Ein Beweis mehr, dass die jährlich mindestens 4 Milliarden teure Schweizer Landwirtschaft überfordert ist, die auf 8,7 Millionen angewachsene Menschenmenge zu ernähren. Nicht zu vergessen sind die vielen Millionen Touristen, welche ebenfalls an Schweizer Tischen verköstigt werden. Die Schweiz ist bereits heute schon einer der weltweit grössten Nahrungsmittelimporteure (pro Kopf). Die Zukunft sieht sehr misslich aus, denn das Freizügigkeitsabkommen lockt immer mehr Menschen in die kleine Schweiz und allmählich haben wir ausländische Verhältnisse.
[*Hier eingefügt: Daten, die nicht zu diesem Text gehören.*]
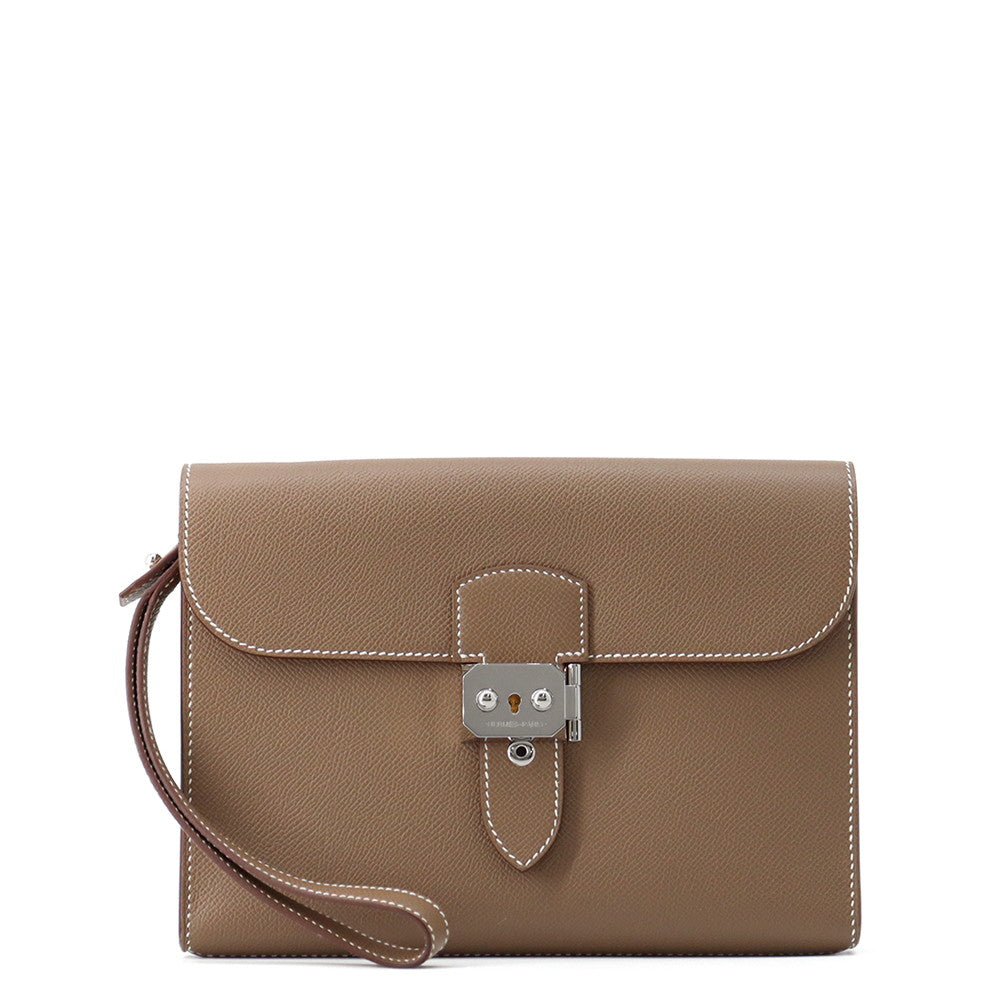 HERMES Sac Adepesh Etoupe Epsom Size 24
Im Bundeshaus ist allen längst bekannt, dass ein tiefer Selbstversorgungsgrad in der Nahrungsmittelversorgung verletzlich macht und die Abhängigkeit vom Ausland erhöht. Trotz dieser Abhängigkeit sei man aber auf den Krisenfall vorbereitet und zu jeder Zeit in der Coronakrise sicher versorgt gewesen, so Christian Hofer, Direktor des Bundesamtes für Landwirtschaft (BLW). Wir werden immer abhängig sein vom Ausland.
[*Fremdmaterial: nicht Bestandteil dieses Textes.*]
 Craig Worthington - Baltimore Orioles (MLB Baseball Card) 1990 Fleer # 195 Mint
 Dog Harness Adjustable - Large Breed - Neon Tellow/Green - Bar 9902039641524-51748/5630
Ja, die Schweiz hat viel zu wenig Land, um die Schwachstellen in der Selbstversorgung zu eliminieren. Unsere Schweizer Politiker im Bundeshaus wissen längst Bescheid, tun aber nichts dagegen. Der Bundesrat plädiert sogar dafür, dass der heutige Selbstversorgungsgrad bis 2025 auf 52 Prozent gesenkt wird. Das ist natürlich sehr erstaunlich und in der aktuellen Situation völlig unhaltbar, so der Schweizer Bauernpräsident und Nationalrat Markus Ritter (CVP, SG).

Die Schweiz ist gerade noch einmal gut davongekommen. Es herrschte kein Krieg und unsere Pflichtlager waren gefüllt, die Grenzen waren offen für den Nachschub von Lebensmitteln. Das Ausland war froh, seinen Überschuss an uns zu verkaufen, denn alle Nachbarländer verfügen über einen genügenden Selbstversorgungsgrad. Das sind die wahren Gründe, nicht die bilateralen Verträge mit der EU.